Section 8A (ITA) – Gains made by directors of companies or by employees in respect of rights to acquire marketable securities
8A. Gains made by directors of companies or by employees in respect of rights to acquire marketable securities
(1)
(a) There shall be included in the taxpayer’s income for the year of assessment the amount of any gain made by the taxpayer after the first day of June, 1969, by the exercise, cession or release during such year of any right to acquire any marketable security (whether such right be exercised, ceded or released in whole or part), if such right was obtained by the taxpayer before 26 October 2004 as a director or former director of any company or in respect of services rendered or to be rendered by him as an employee to an employer.
(b) Where the taxpayer has exercised such right but, by reason of a condition imposed by the said company or employer or the grantor of the right, the taxpayer is not entitled to dispose of the marketable security until after the end of the said year of assessment, the gain made by the exercise of the right shall, if the taxpayer makes an election as provided in paragraph (c), not be included in his income for such year of assessment but shall be included in his income for the year of assessment during which he becomes entitled to dispose of the marketable security: Provided that in the event of the taxpayer’s death or insolvency before he becomes entitled to dispose of the marketable security the said gain shall be deemed to have been made by him on the day before the date of his death or insolvency, as the case may be, and shall be assessed accordingly.
(c) The taxpayer may, in the circumstances contemplated in paragraph (b), elect that the provisions of that paragraph shall apply in respect of the gain referred to in that paragraph, and such election shall be in writing and shall be furnished to the Commissioner not later than the date on which the taxpayer’s return of income is furnished for the year of assessment referred to in paragraph (a), or within such further time as the Commissioner may allow.

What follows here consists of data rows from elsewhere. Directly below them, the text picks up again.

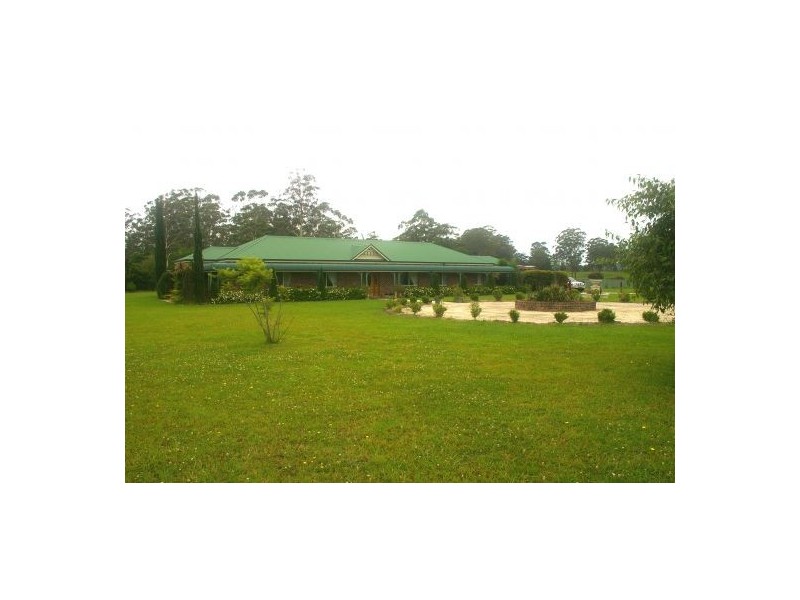 Herons Creek NSW 2443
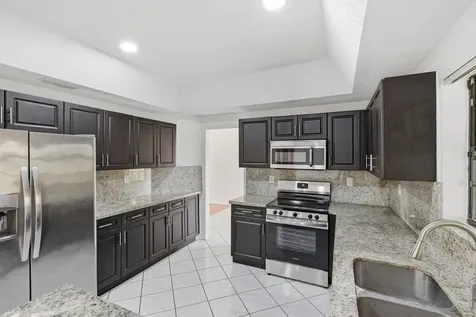 16101 SW 153rd Avenue Miami FL 33187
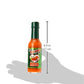 Marie Sharps Mild Hot Sauce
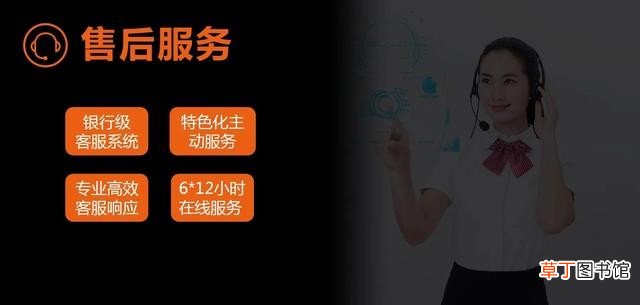 樱花燃气灶客户服务中心 樱花售后维修服务电话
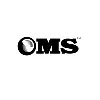 OMS Energy Technologies Inc / OMS Oilfield Services OMS Energy Technologies Inc / OMS Oilfield Services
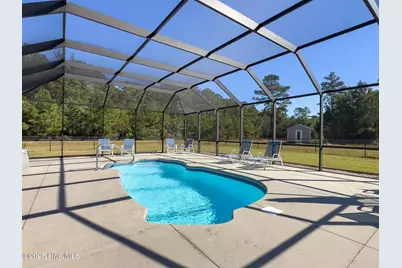 2580 Ash Little River Road NW, Ash, NC 28420 - Photo 15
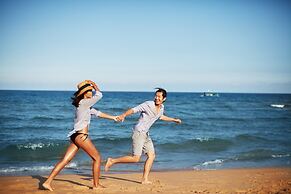 Marriott Resort Xiangshui Bay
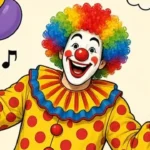 Free kids concert tonight at shelter cove beach features leepo the clown in toms river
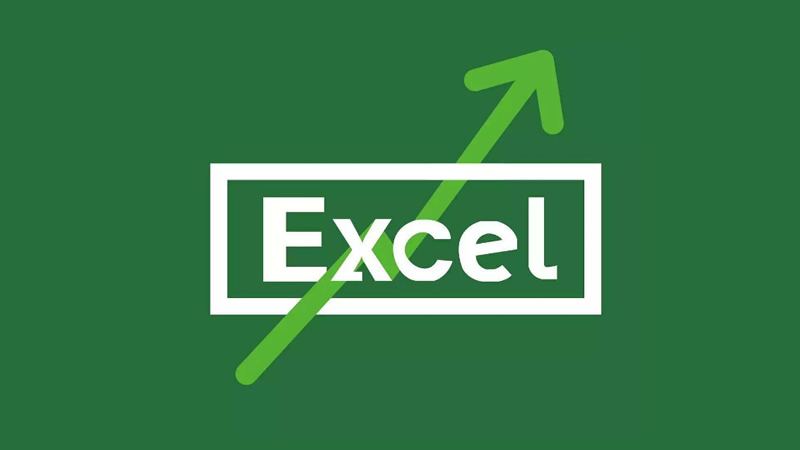 我們使用EXCEL的小技巧（4）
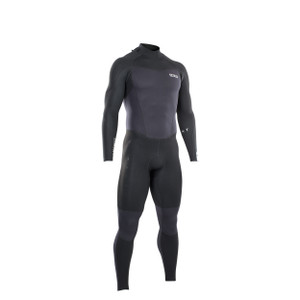 Element 4/3 Back Zip Men Element 4/3 Back Zip Men
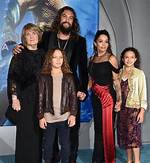 Lisa Bonet Bio, Wiki, Age, Height, Siblings, Daughter, Cosby Show, Movies, Net Worth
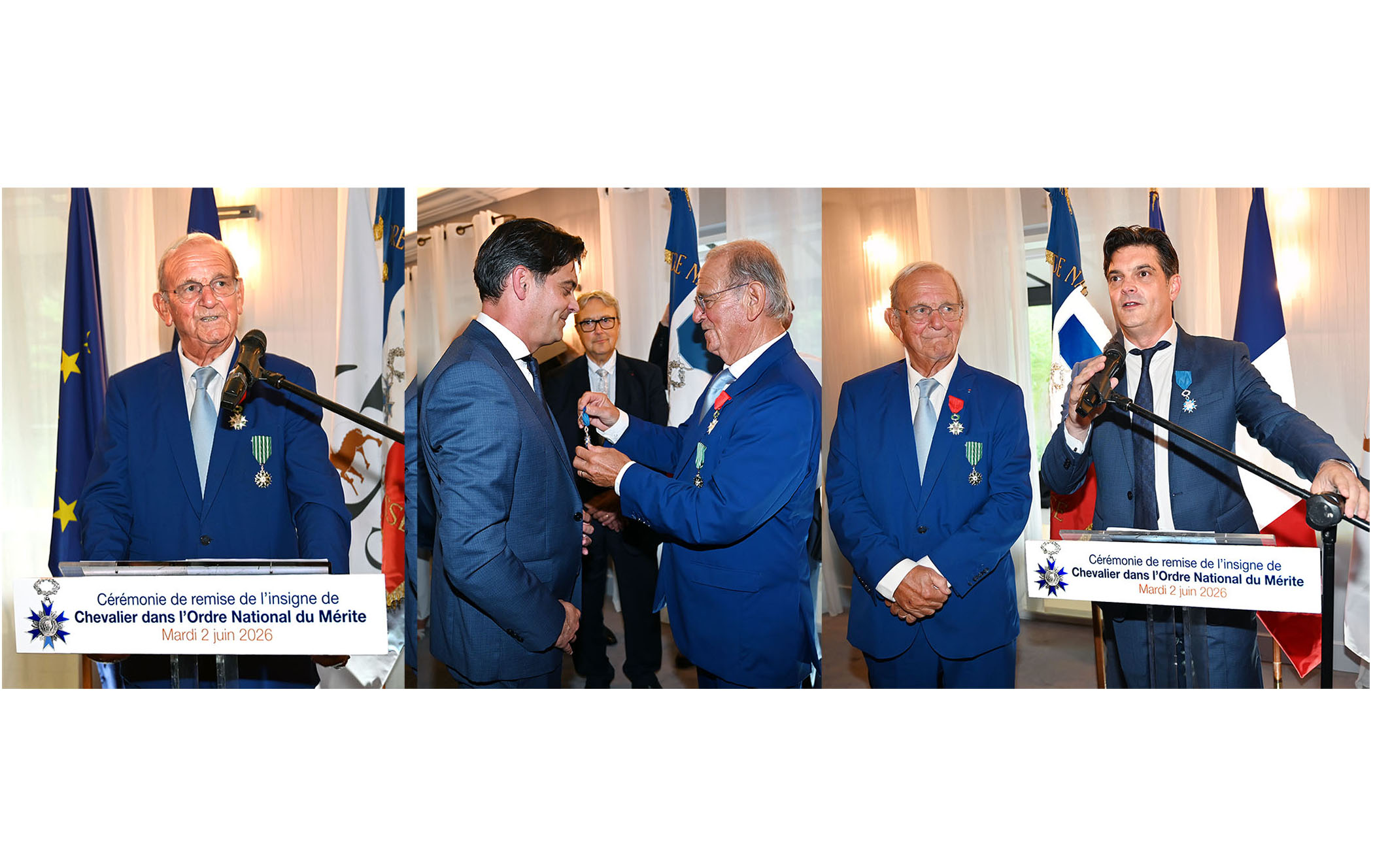 jérôme viaud ordre national mérite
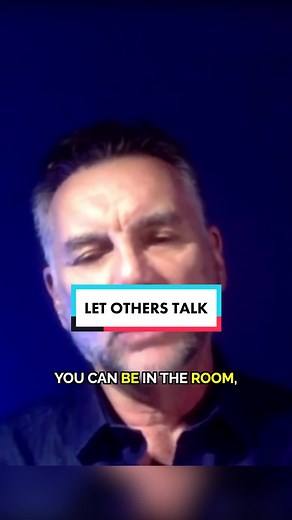 Mastering Negotiation Tactics with Michael Franzese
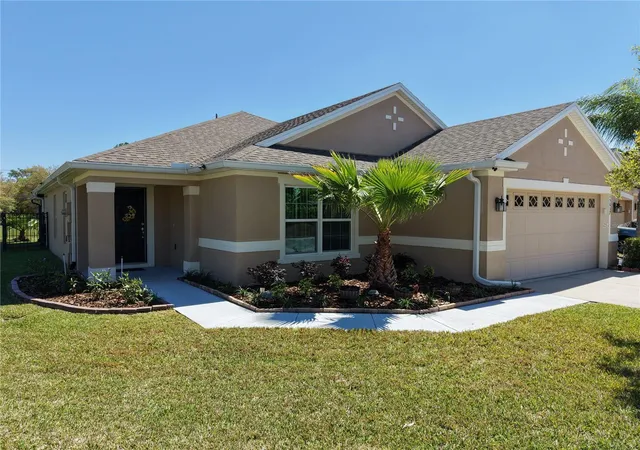 1st image of 15637 Carina Dr, Orlando, FL 32828 | MLS# O6393669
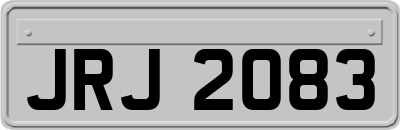JRJ2083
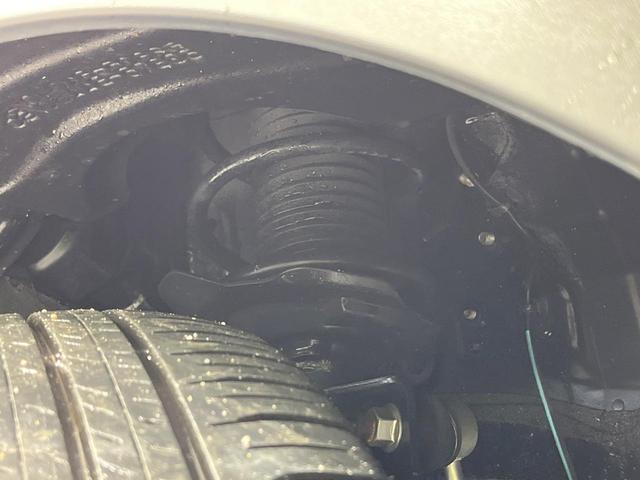 ライズ Ｚ　禁煙車　純正ＳＤナビ　全周囲カメラ　衝突被害軽減システム　レーダークルーズ　ＢＳＭ　ドラレコ　コーナーセンサー　スマートキー　ＬＥＤヘッド　ビルトインＥＴＣ　純正１７インチアルミ　オートハイビーム（26枚目）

(2) For the purposes of this section –
(a) a gain shall be deemed to have been made by the taxpayer by the exercise of a right to acquire any marketable security if the amount by which the market value of such marketable security at the time such right was exercised exceeds the consideration given by the taxpayer for such marketable security and any consideration given by him for such right or the grant of such right: Provided that such market value shall for the purpose of this paragraph be deemed to be the sum which a person having the right freely to dispose of such marketable security might reasonably expect to obtain from a sale of such marketable security in the open market;
(b) where the taxpayer for a consideration accepts a restriction upon his right to acquire any marketable security such right shall be deemed to be released in part;
(c) where any gain is made by the exercise, cession or release of a right to acquire any marketable security, such gain shall be deemed to be made at the time when such right is exercised, ceded or released, as the case may be.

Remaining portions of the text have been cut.